The Beach Reporter
- Type: Weekly newspaper
- Format: Broadsheet
- Owner(s): Southern California News Group (MediaNews Group)
- Founder: Richard Frank
- Publisher: Simon Grieve
- Editor: Lisa Jacobs
- Founded: 1977
- Language: English
- Headquarters: 2615 Pacific Coast Highway Suite 329 Hermosa Beach, California 90254 United States
- Website: tbrnews.com

= The Beach Reporter =

Weekly newspaper in California, United States

The Beach Reporter is a weekly newspaper serving the Beach Cities of Los Angeles's South Bay. It primarily focuses on the cities of Manhattan Beach, Hermosa Beach, Redondo Beach, and El Segundo. It is published every Thursday, with a circulation of approximately 55,000. It is considered a primary source of local news and events, as well as a guide to local real estate listings, covering some of the most expensive and active areas in California.

== History ==
In 1977, Richard Frank founded the Beach Reporter. He sold it if or $2.5 million in March 1989 to Baker Communications Inc., owned by Seth H. Baker. The business also owned the Palos Verdes Peninsula News. After the sale, the Reporters expanded its coverage area and got into direct competition and a legal battle with the Easy Reader. At that time the paper had a circulation of 45,000. Baker filled for Chapter 11 Bankruptcy in 1995. The Reporter and News were then acquired for $2.7 million by Stephen C. Laxineta's National Media, Inc.

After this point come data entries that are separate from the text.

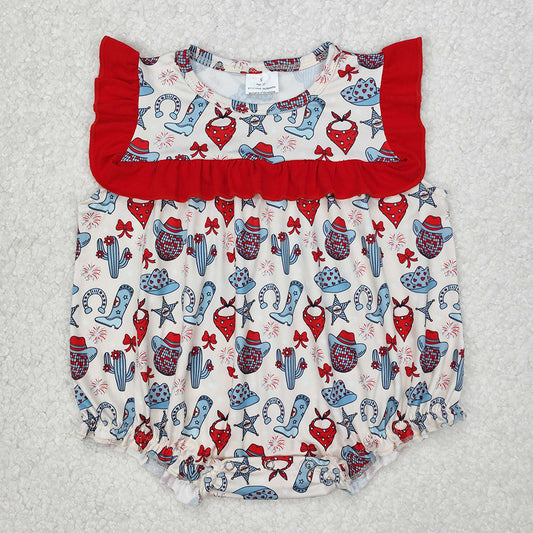 SR2680 Cowboy Hat Boots Stars Baby Girls 4th of July Western Romper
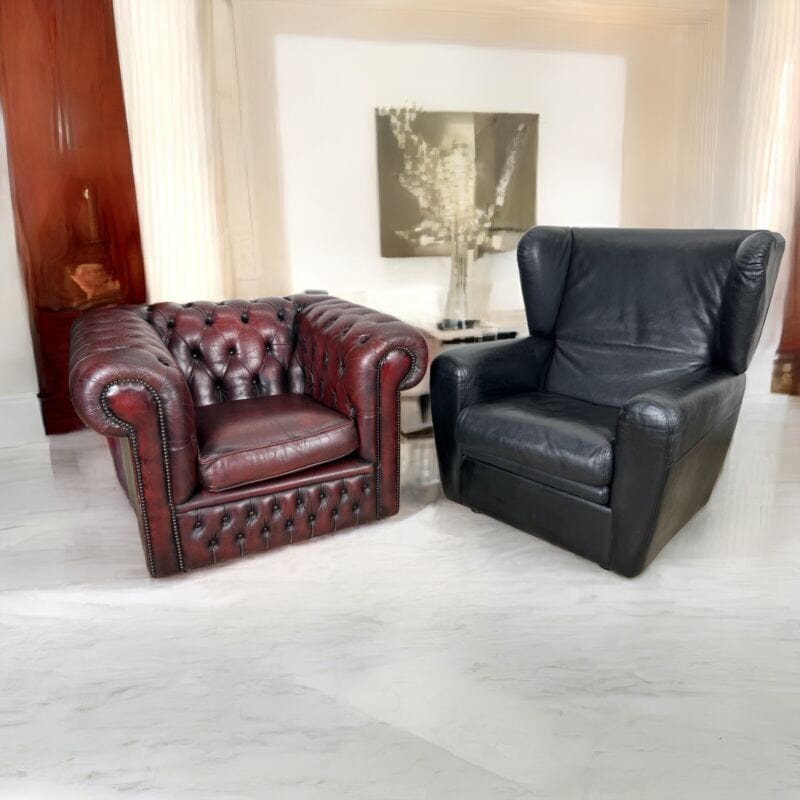 Poltrona vintage in pelle cuoio inglese chesterfield chester club da per salotto Categoria Arredamento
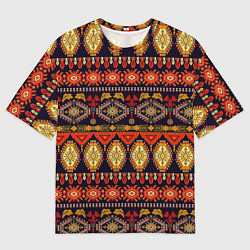 Мужская футболка оверсайз Яркий ромбовидный орнамент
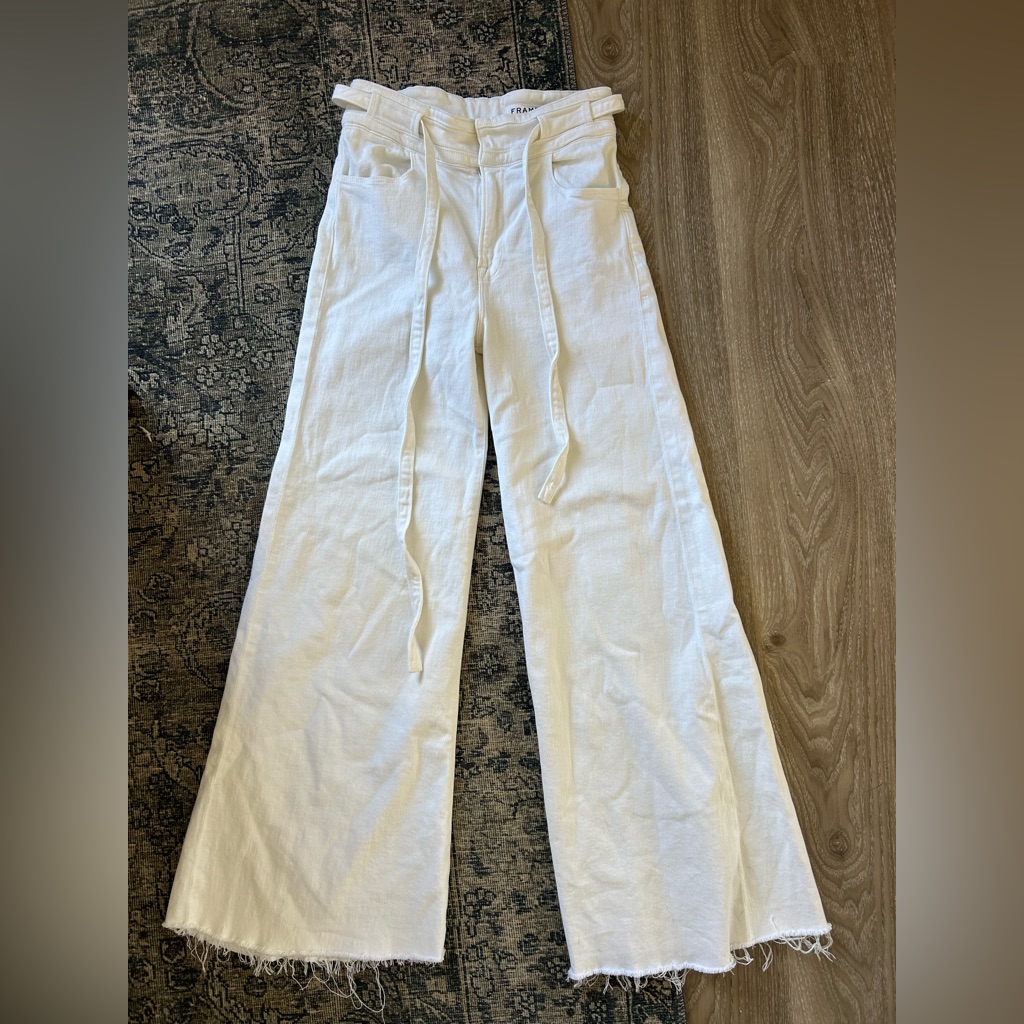 Frame Denim Drawstring White Wide Leg Jeans
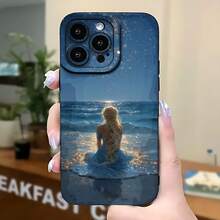 Funda de teléfono con diseño de océano, atardecer y sirena para  17, 15 Pro Max,  17, 14 Pro,  17, 13,  Galaxy S23, S22, S21, funda protectora para teléfono, regalo para pareja, regalo para novio o novia, regalo de vacaciones - Azul Klein - Ver 5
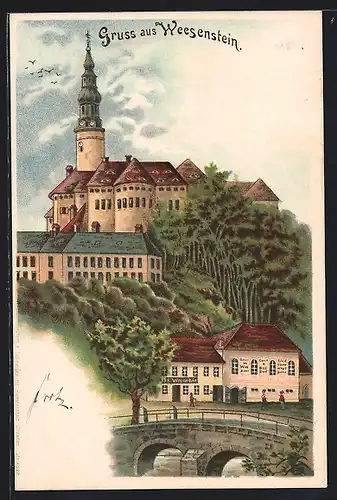 Lithographie Weesenstein, Ortspartie mit Gasthaus von Oscar Senf u. Schloss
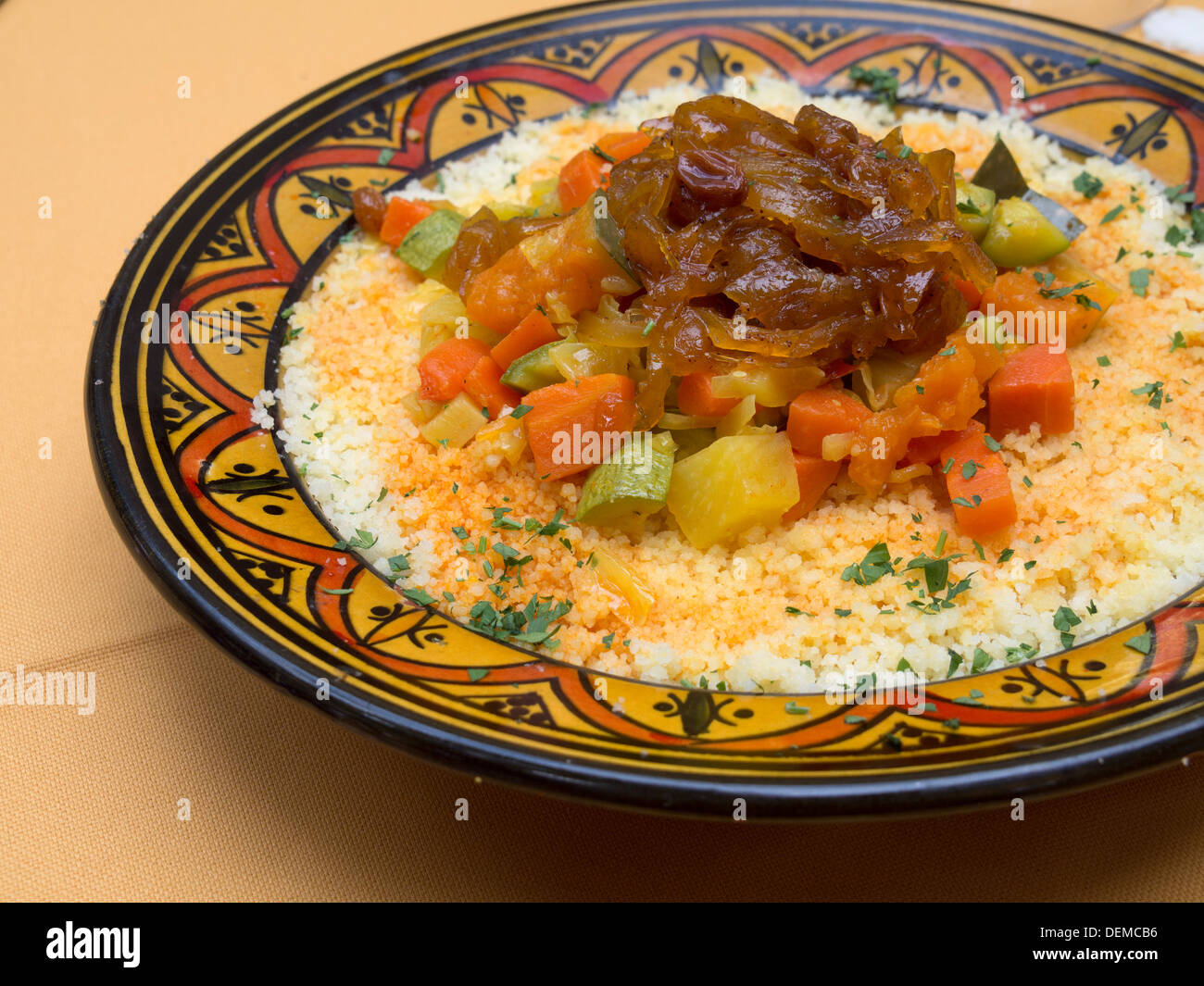 Marokkanische Küche - Couscous Stockfoto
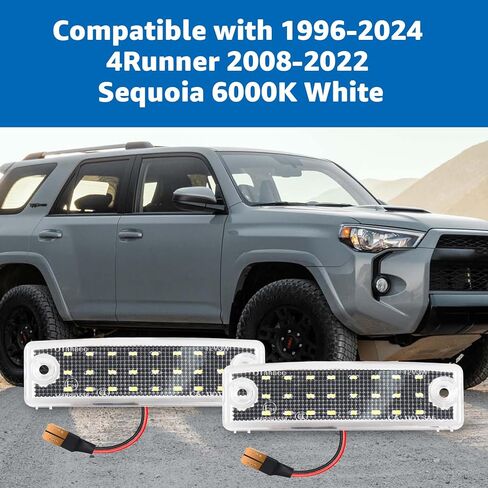 LED License Plate Light Lamp Assembly for 1996-2024 Toyota 4Runner, 2008-2022 Sequoia,6000K White(2PCS) in Kuwait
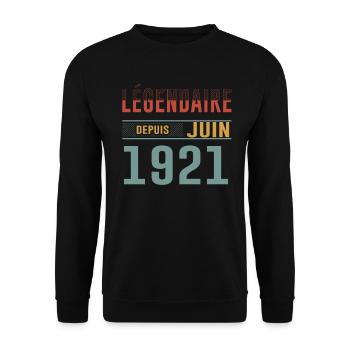 Légendaire Depuis Juin 1921 Anniversaire Cadeau - Sweat-shirt Unisexe - noir - Devant - Alina (178cm) & Michal (187cm)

In 2003, Copley Press, owner of the Daily Breeze, bought both papers. In December 2006, the paper was sold by Copley Press to the Hearst Corporation in a complex transaction that left the paper under the day-to-day control of Dean Singleton's MediaNews Group and its subsidiary, the Los Angeles Newspaper Group (LANG). Singleton announced that he would fold the paper into the LANG operations, but not cut salaries. Singleton will eventually come to own the Reporter under a 2007 plan to acquire ownership of the paper as part of a swap with Hearst in which Hearst would trade some California papers and the St. Paul Pioneer Press for an increased stake in Singleton's non-California operations.